Purge database

  • Hello

    I have just started a new job and my first task is to purge the database.This is a transaction database of 700 tables in which there are no foreign keys.

    Do you have a method to perform this task?
    Thanks for your help

  • could you tell me the definition of "purge"? I've been working at my current job for a bit and I might have been neglecting this duty! It sounds important!

  • When you say purge, exactly what does that mean?   If you don't need ANY of the data, it might be prudent to make a FULL backup and LOG backup for "just in case", and then just DROP DATABASE.   But again, what do they mean, exactly, by purge?

    Steve (aka sgmunson) 🙂 🙂 🙂
    Rent Servers for Income (picks and shovels strategy)

  • Assuming you mean remove either unnecessary or unwanted data when you say "purge" (although I'm with everyone else, what do you mean?).

    Normally, a properly structured database will foreign key constraints (enforced using WITH CHECK too).

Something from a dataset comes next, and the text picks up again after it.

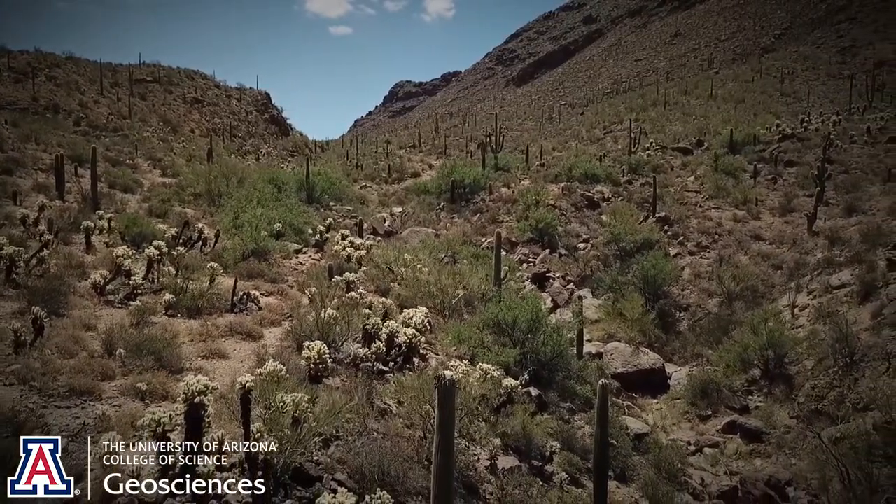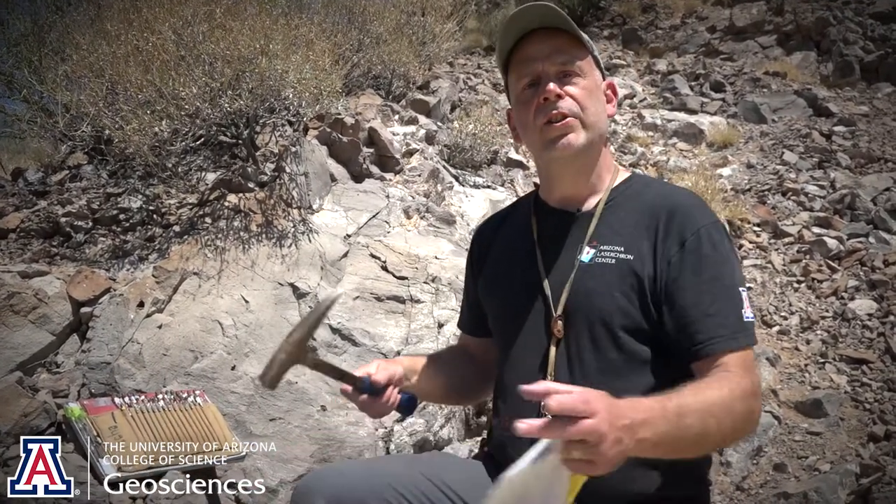Hi, I'm Mark Pekka, manager of the Arizona LaserChron Center, and we're here in the beautiful Sonoran Desert just west of campus. We're going to show you all the steps from collecting the rock to getting a final age in the lab.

That will act as your map and controller when removing unwanted data. You would know which tables had to be changed based on those relationships.

    Your first step then is to map them out manually. You have to figure out which tables are actually related in order to know how to remove data across them. Personally, I'd strongly suggest using this process as  the means of establishing foreign keys in your database. Not having any is a horrific design decision that is only, ever, going to cause pain.

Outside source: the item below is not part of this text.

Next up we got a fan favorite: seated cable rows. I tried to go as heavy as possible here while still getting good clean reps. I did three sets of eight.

    After you map everything out as best you can, you'll also want to build some automated mechanism of testing to ensure that when you start deleting data you don't break things. With no foreign keys in place, who knows what kind of oddball code has been written against the database.

    Then, you can try it out. Be ready for it to break stuff. Don't do this for the first time in production. Make a copy for testing. Make sure you have backups. Make sure you know how to restore them and that you've tested a restore.

    After that, have fun.

    "The credit belongs to the man who is actually in the arena, whose face is marred by dust and sweat and blood"
    - Theodore Roosevelt

    Author of:
    SQL Server Execution Plans
    SQL Server Query Performance Tuning

  • patrickmcginnis59 10839 - Monday, April 2, 2018 7:36 AM

    could you tell me the definition of "purge"? I've been working at my current job for a bit and I might have been neglecting this duty! It sounds important!

    This application is 15 years old.
    It means deleting from the database all data older than 10 years.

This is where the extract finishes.